3.        Voir le texte de la décision.

(cf. point 56)

4.        Constitue la mise en œuvre d’un acte juridique contraignant du droit de l’Union, au sens de l’article 291, paragraphe 1, TFUE, la fixation du niveau des taxes annuelles nationales afférentes aux brevets européens et de leur clé de répartition, visée à l’article 9, paragraphe 2, du règlement nº 1257/2012, mettant en œuvre la coopération renforcée dans le domaine de la création d’une protection unitaire conférée par un brevet. En effet, le montant desdites taxes annuelles doit nécessairement couvrir les frais engagés par l’Office européen des brevets pour exécuter les tâches supplémentaires qui devraient lui être confiées, au sens de l’article 143 de la convention sur la délivrance de brevets européens, par les États membres participants. Or, ces tâches sont intrinsèquement liées à la mise en œuvre de la protection unitaire conférée par un brevet, instituée par le règlement nº 1257/2012.

Par ailleurs, il ne saurait être valablement soutenu que des conditions uniformes d’exécution seraient nécessaires aux fins de l’exécution de l’article 9, paragraphe 2, du règlement nº 1257/2012, de sorte que l’attribution de compétences d’exécution aux États membres participants enfreindrait l’article 291, paragraphe 2, TFUE. En effet, si l’article 9, paragraphe 1, sous e), dudit règlement dispose que les États membres participants confient à l’Office européen des brevets la tâche de collecter et de gérer les taxes annuelles afférentes au brevet européen, il ne ressort d’aucune disposition de ce règlement que le montant des taxes annuelles devrait être uniforme pour tous les États membres participants. Au demeurant, il résulte nécessairement de la qualification du règlement nº 1257/2012 d’accord particulier au sens de l’article 142 de la convention sur la délivrance de brevets européens et de la circonstance que la fixation du niveau des taxes annuelles et de leur clé de répartition incombe à un comité restreint du conseil d’administration de l’Organisation européenne des brevets, que ce sont nécessairement les États membres participants, et non la Commission ou le Conseil, qui doivent prendre toutes les mesures nécessaires aux fins de l’exécution de l’article 9, paragraphe 2, dudit règlement, dès lors que l’Union, à la différence de ses États membres, n’est pas partie à ladite convention.

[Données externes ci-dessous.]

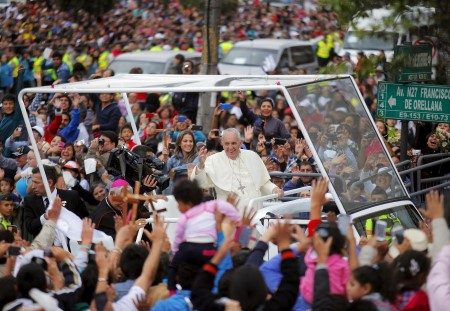Pope Francis greets the crowd of faithful from a popemobile in Quito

(cf. points 73-75, 78, 81-83)

5.        Dès lors que le législateur de l’Union n’a pas délégué aux États membres participant à une coopération renforcée dans le domaine de la création d’une protection unitaire conférée par un brevet ou à l’Office européen des brevets des compétences d’exécution qui lui appartiendraient en propre en vertu du droit de l’Union, les principes dégagés par la jurisprudence de la Cour en matière de délégation de pouvoir discrétionnaire ne sauraient trouver à s’appliquer.

(cf. points 84, 87)

6.        Voir le texte de la décision.

(cf. points 101, 102)

7.        L’applicabilité directe d’un règlement, prévue à l’article 288, deuxième alinéa, TFUE, exige que son entrée en vigueur et son application en faveur ou à charge des sujets de droit se réalisent sans aucune mesure portant réception dans le droit national, sauf si le règlement en cause laisse le soin aux États membres de prendre eux-mêmes les mesures législatives, réglementaires, administratives et financières nécessaires pour que les dispositions dudit règlement puissent être appliquées.

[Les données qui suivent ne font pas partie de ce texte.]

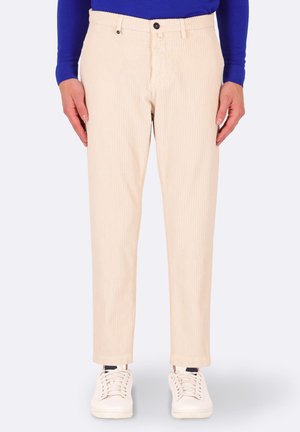 Pantaloni a righe beige con taglio dritto, dotati di chiusura a bottone, passanti per cintura e tasche laterali, abbinati a sneaker bianche.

Tel est le cas du règlement nº 1257/2012, mettant en œuvre la coopération renforcée dans le domaine de la création d’une protection unitaire conférée par un brevet, le législateur de l’Union ayant lui-même laissé le soin aux États membres, aux fins que les dispositions de ce règlement puissent être appliquées, d’une part, d’adopter plusieurs mesures dans le cadre juridique fixé par la convention sur la délivrance de brevets européens et, d’autre part, de procéder à la mise en place de la juridiction unifiée du brevet, laquelle, ainsi qu’il est rappelé aux considérants 24 et 25 dudit règlement, est essentielle afin de garantir le bon fonctionnement de ce brevet, la cohérence de la jurisprudence et, partant, la sécurité juridique ainsi qu’un bon rapport coût-efficacité pour les titulaires de brevets.